When one imagines prayer, one has an image of kneeling in the pews at Mass, hands clasped, still and silent. It isn’t easy for everyone to be in such stillness. Although it is an excellent discipline, it also has a monopoly over our imagination of the pious life. One must remember one of the overlooked purposes of the Mass, as contained within the word “Mass” itself. The word “Mass” comes from the Latin missa, meaning ‘dismissal.’ So the deacon says at the end: ‘Ite, missa est’ or ‘Go forth! The Mass is ended :)’ In a strange way, the purpose of the Mass is to depart from the Mass, to go out into the world with the renewed love of God we have received into our hearts.
So here we are, back in the world. There are many things we could do with our freedom. Some socialize, some do charitable works, many spend time with their families. But another type of person, with a certain type of active disposition, lurks in the shadows. We call this person “artist.” This person isn’t special, although he likes to think he is. He’s more like a spaz. He has ants in his pants. He’s desparate to form a corpus outside his own God-given one in which to achieve some illusion of immortality. He will never be satisfied. Deep down, he knows he cannot rest until he rests in God. He must transmute these spastic behaviors into prayer. And sitting still, with hands clasped, isn’t going to cut it.

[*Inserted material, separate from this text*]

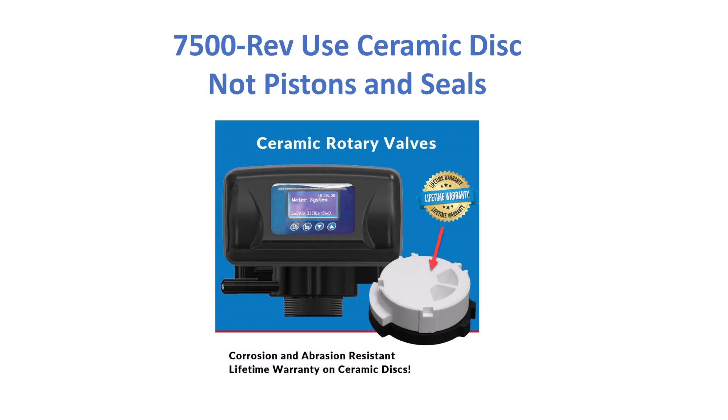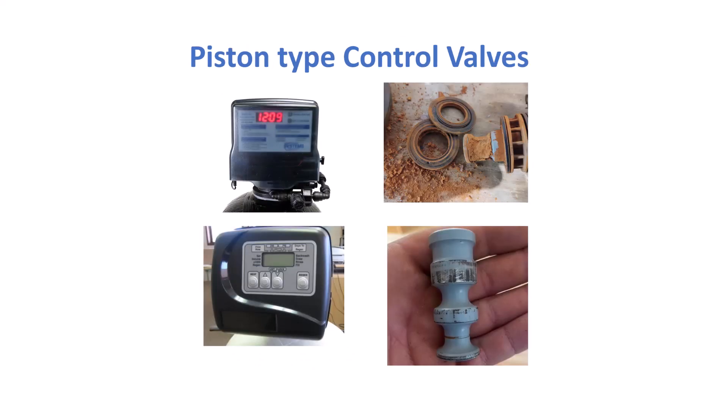These iron filters use a ceramic disc type control valve that stands up much better to iron and manganese, and it doesn't require changing or maintenance. In fact, there's a lifetime warranty on the ceramic disc. Standard control valves such as the Fleck or Clack valves use a piston and seal, and the piston seal does need to be replaced periodically — could be every year, could be every few years — but if you have heavy iron and manganese water, you do need to service it.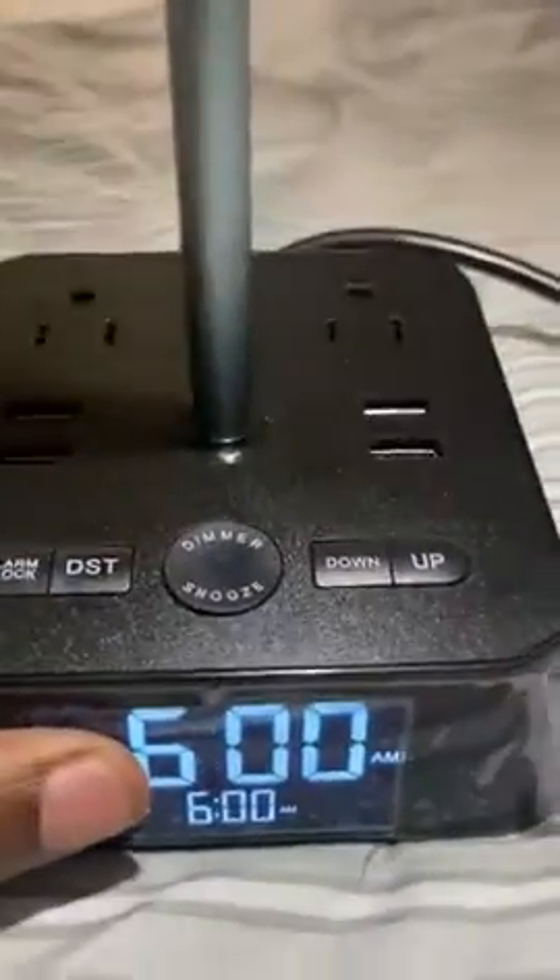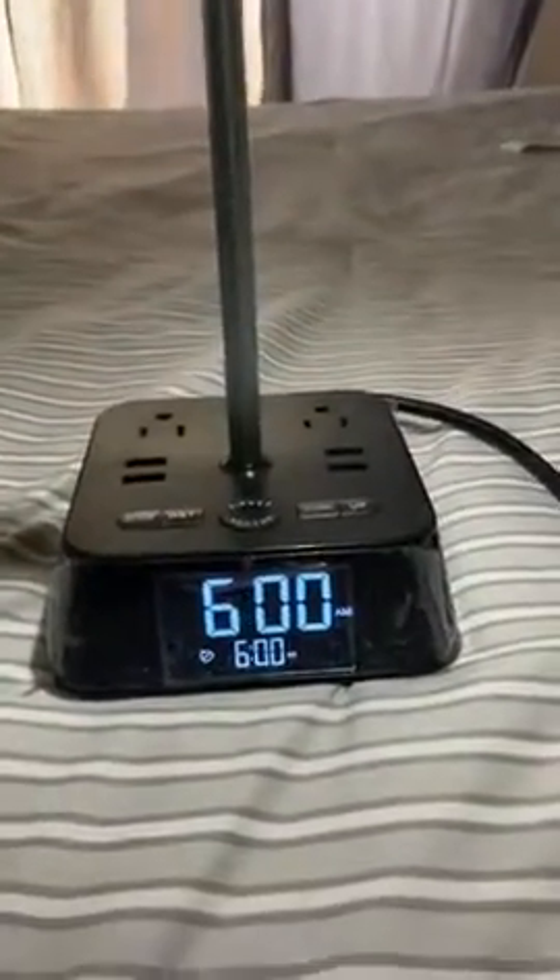I think this is pretty cool. Up here is where you go ahead and put your headsets. For anybody that plays Xboxes and things of that sort, they can keep that up there and charge their phones at the same time. For me, I'm giving this a thumbs up. Hope this video is helpful.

This artist-in-question knows there’s an order to the Scriptures and the Christian truth that goes far beyond his own chaotic life. So he turns towards them in hopes of bringing order and truth into his life. But merely reading Scripture isn’t enough. He needs to explore in order to understand. He creates some abstract paintings about the Book Of Exodus using only oval shapes in colors of olive green, maroon, and sea foam. He has a bizarre dream about Christ’s cursing of the fig tree, and upon waking immediately goes to his piano to work it out in sonatic expositions and developments. He begins a poem about Mary, but doesn’t finish it.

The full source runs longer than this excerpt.